▶ **Records for the exercise**
Content starts

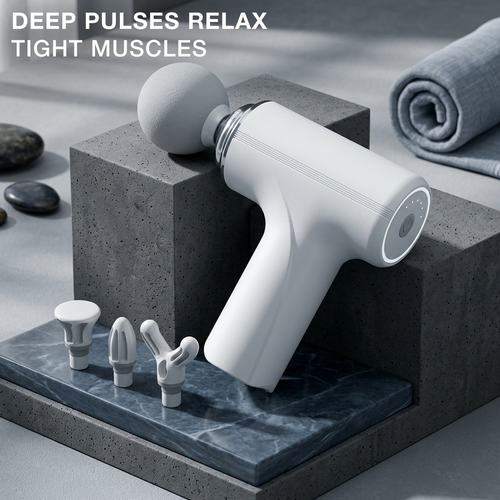Portable Handheld Massager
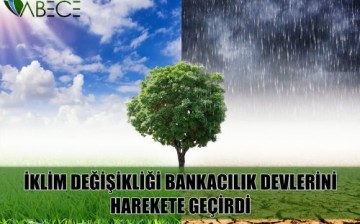 ‘İklim DeÄŸiÅŸikliÄŸi’ Bankacılık Devlerini Harekete Geçirdi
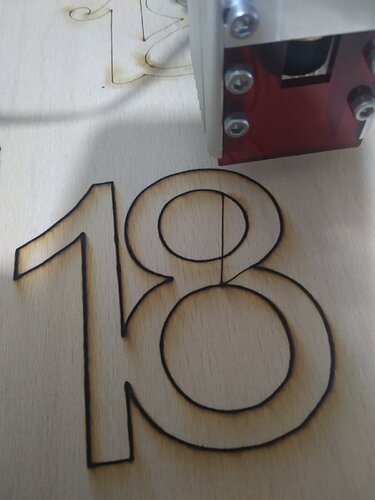 lasercut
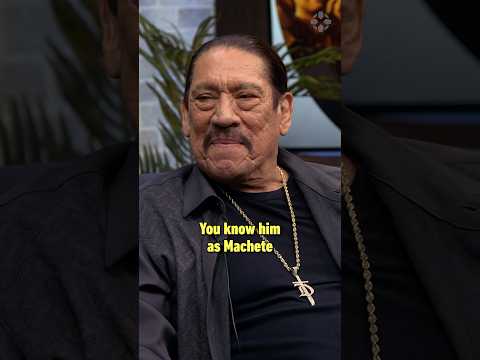 DANNY TREJO (30-second talk show) #ign #dannytrejo #gaming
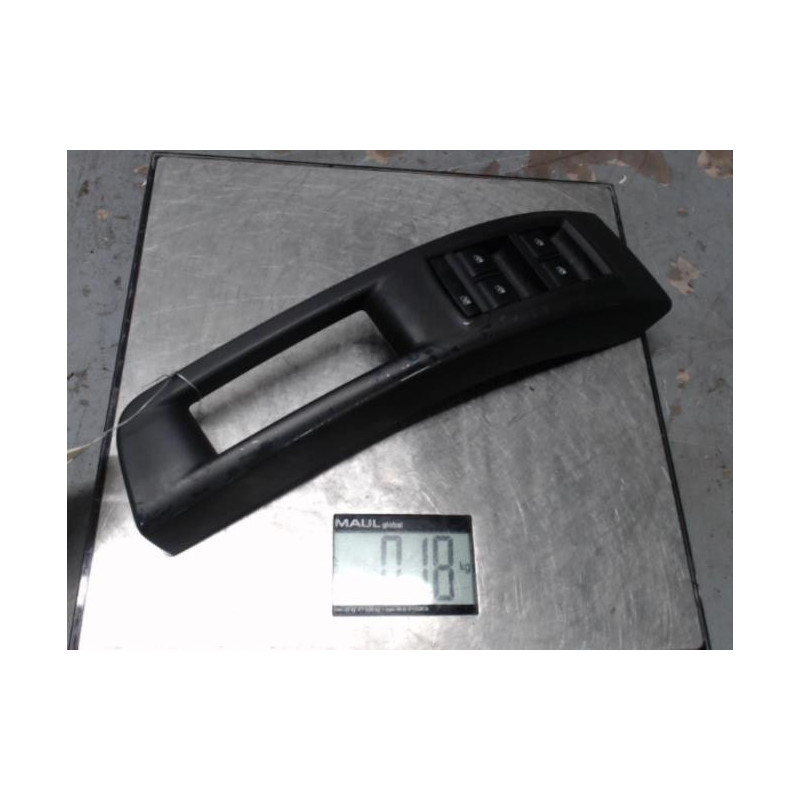 Interrupteur de leve vitre avant gauche OPEL MERIVA B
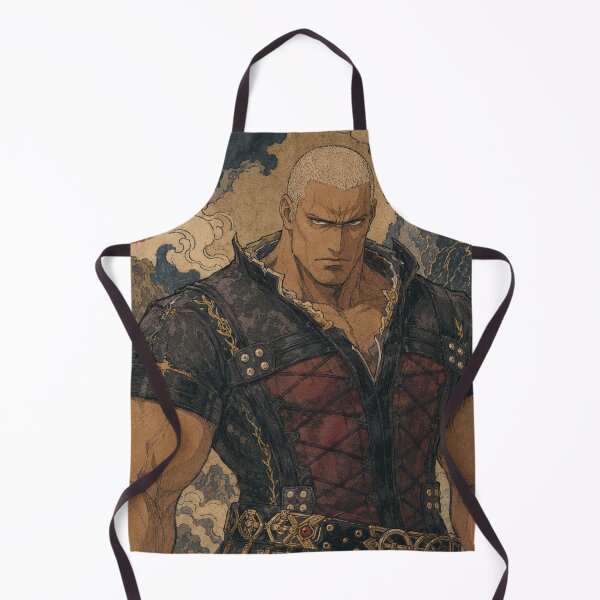 Item preview, Hugo Kupka Final Fantasy 16 | FFXVI Fanart designed and sold by bapupa.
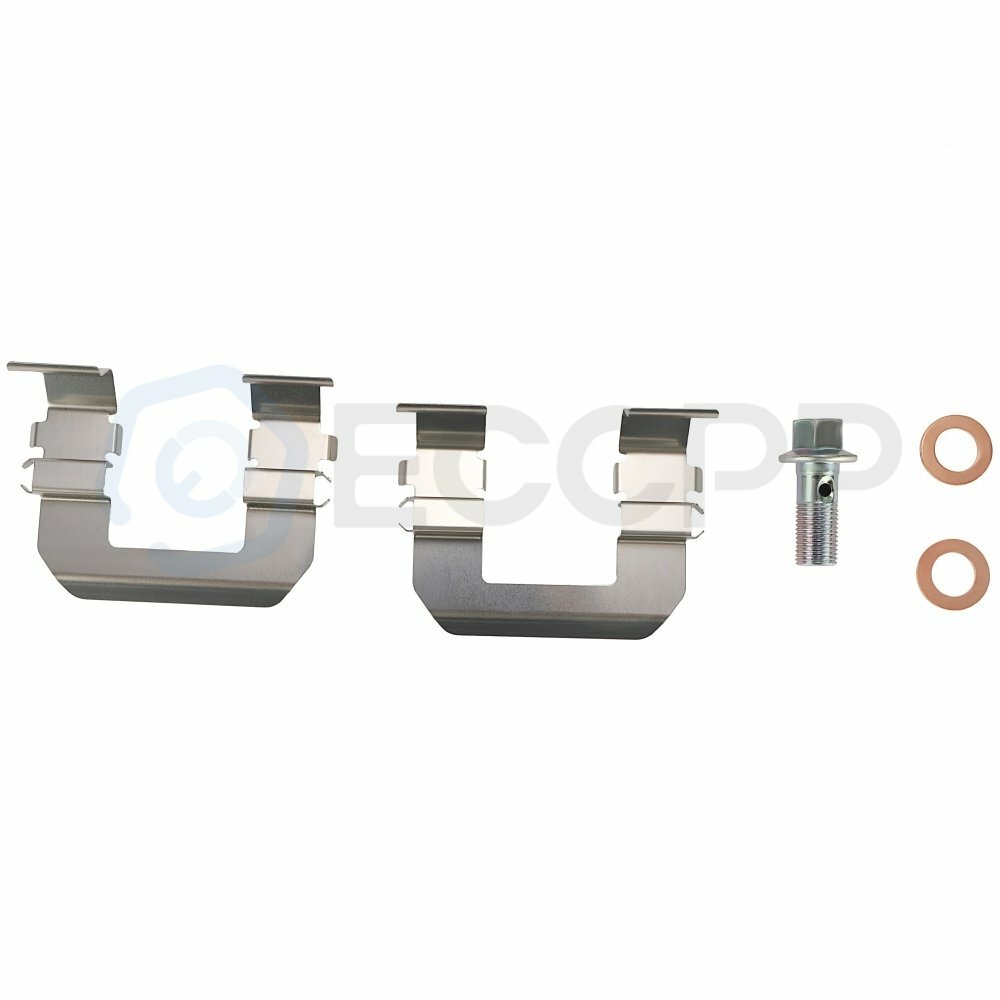 Front Brake Calipers 2Pcs For 2007-2010 Hyundai Elantra 2006-2010 Hyundai Sonata 6B93BC-57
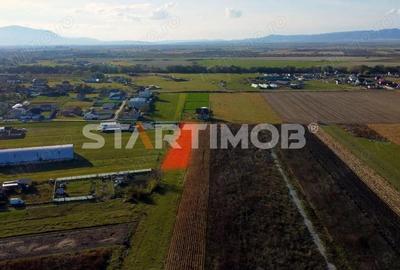 Teren de 3000 mp, în Bod - 2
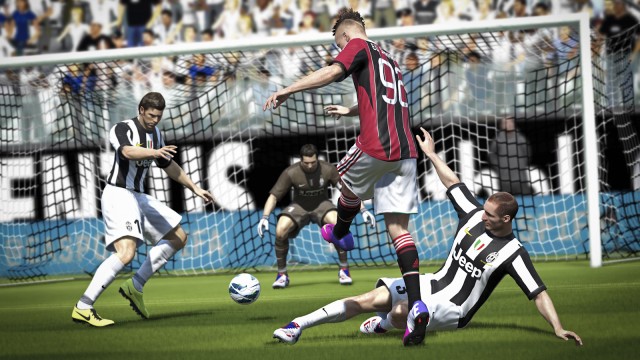 FIFA 14 - Gameplay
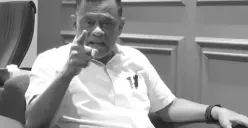 Gatot Nurmantyo geram dengan Hercules dan GRIB ngaku-ngaku dekat dengan Presiden Prabowo.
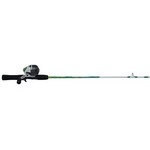 Shakespeare 1367025 Salamander Spincast Combo 6, 1 Bearing, 4'6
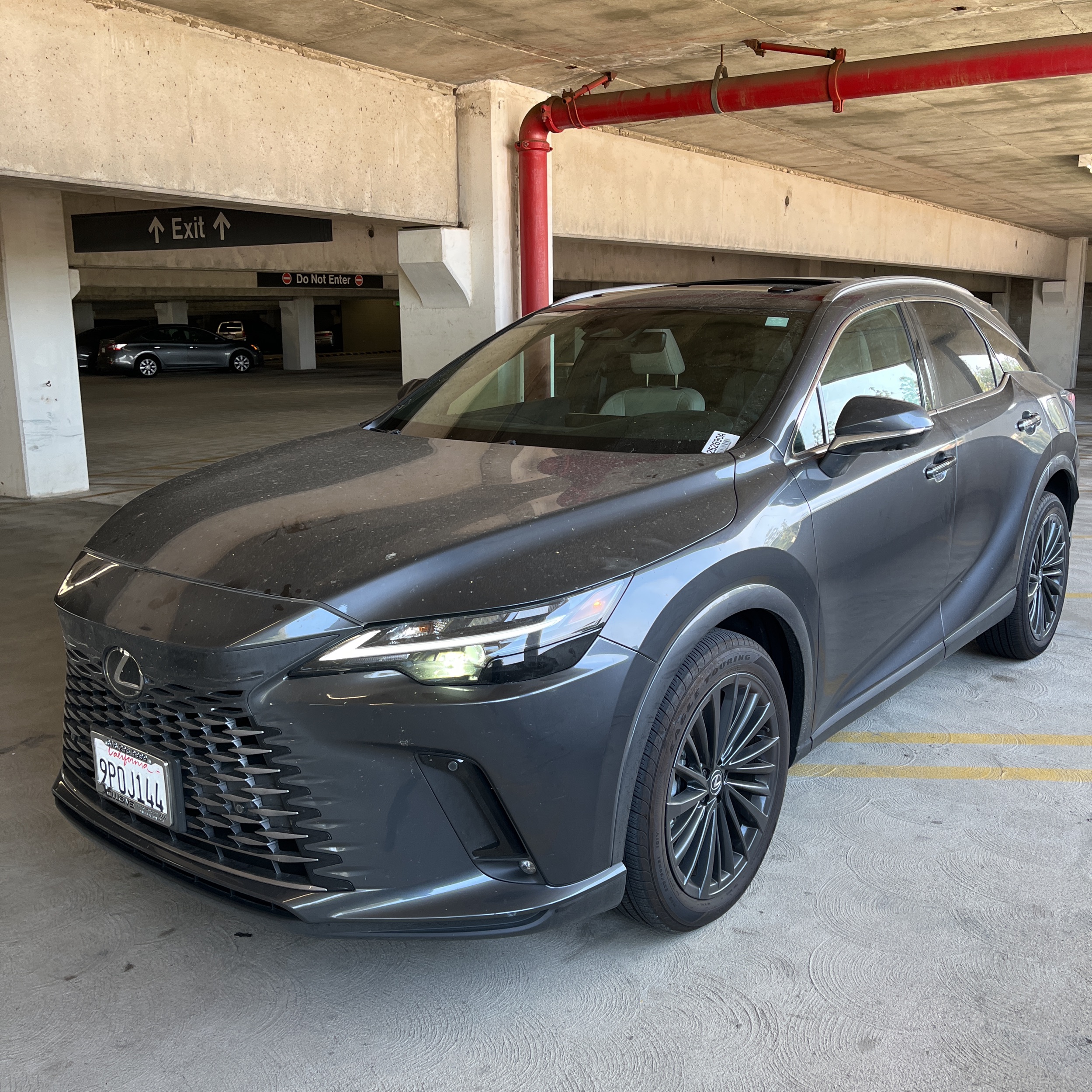 2024 Lexus RX 350 Premium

Content ends

Please, leaving out all pictures, transcribe exactly the lines above from the one containing "Item preview, Hugo" through the final line, both included.

 Item preview, Hugo Kupka Final Fantasy 16 | FFXVI Fanart designed and sold by bapupa.
 Front Brake Calipers 2Pcs For 2007-2010 Hyundai Elantra 2006-2010 Hyundai Sonata 6B93BC-57
 Teren de 3000 mp, în Bod - 2
 FIFA 14 - Gameplay
 Gatot Nurmantyo geram dengan Hercules dan GRIB ngaku-ngaku dekat dengan Presiden Prabowo.
 Shakespeare 1367025 Salamander Spincast Combo 6, 1 Bearing, 4'6
 2024 Lexus RX 350 Premium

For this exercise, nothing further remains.